─── DATA IN THIS EXERCISE
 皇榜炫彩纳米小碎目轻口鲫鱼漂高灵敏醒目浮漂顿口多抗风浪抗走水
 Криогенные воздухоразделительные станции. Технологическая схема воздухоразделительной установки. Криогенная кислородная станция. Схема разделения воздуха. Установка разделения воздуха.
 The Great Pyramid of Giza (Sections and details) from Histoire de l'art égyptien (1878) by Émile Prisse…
──────
─── DATA IN THIS EXERCISE
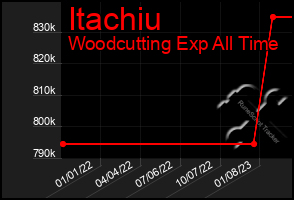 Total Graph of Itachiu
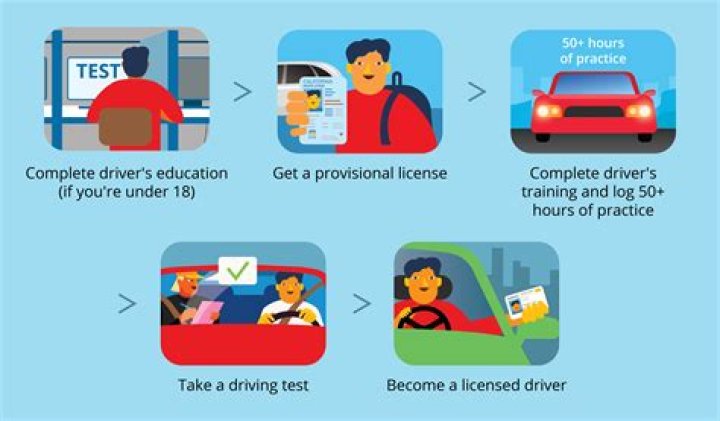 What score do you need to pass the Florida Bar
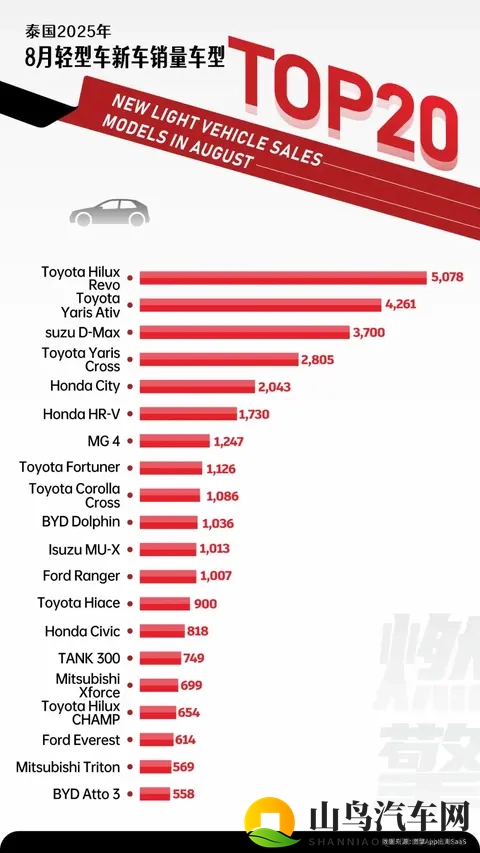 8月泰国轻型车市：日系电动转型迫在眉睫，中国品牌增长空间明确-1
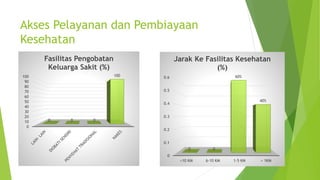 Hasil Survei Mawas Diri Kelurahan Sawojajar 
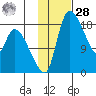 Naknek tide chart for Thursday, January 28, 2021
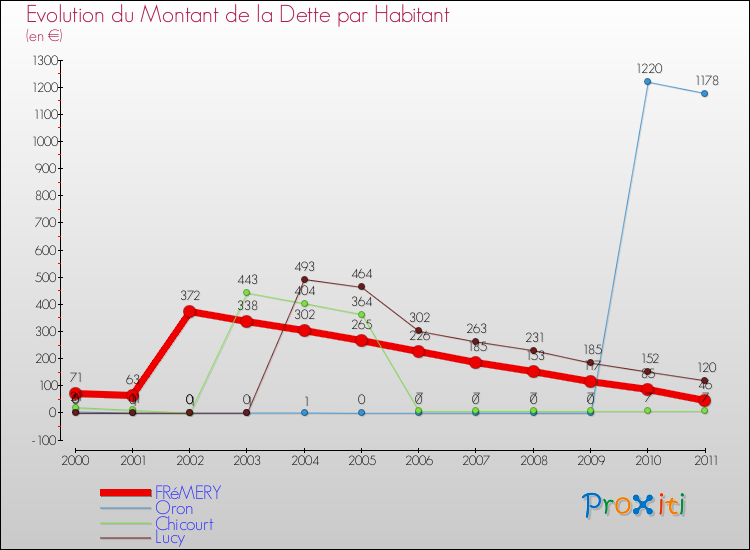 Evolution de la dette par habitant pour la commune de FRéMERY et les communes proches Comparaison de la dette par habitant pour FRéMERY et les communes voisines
──────
- WORK TO COMPLETE
From the listing above, repeat only the lines between the line containing "Naknek tide chart" and the line containing "Evolution de la", those two included. Pictures are not part of the copy.

- ANSWER SECTION
 Naknek tide chart for Thursday, January 28, 2021
 Evolution de la dette par habitant pour la commune de FRéMERY et les communes proches Comparaison de la dette par habitant pour FRéMERY et les communes voisines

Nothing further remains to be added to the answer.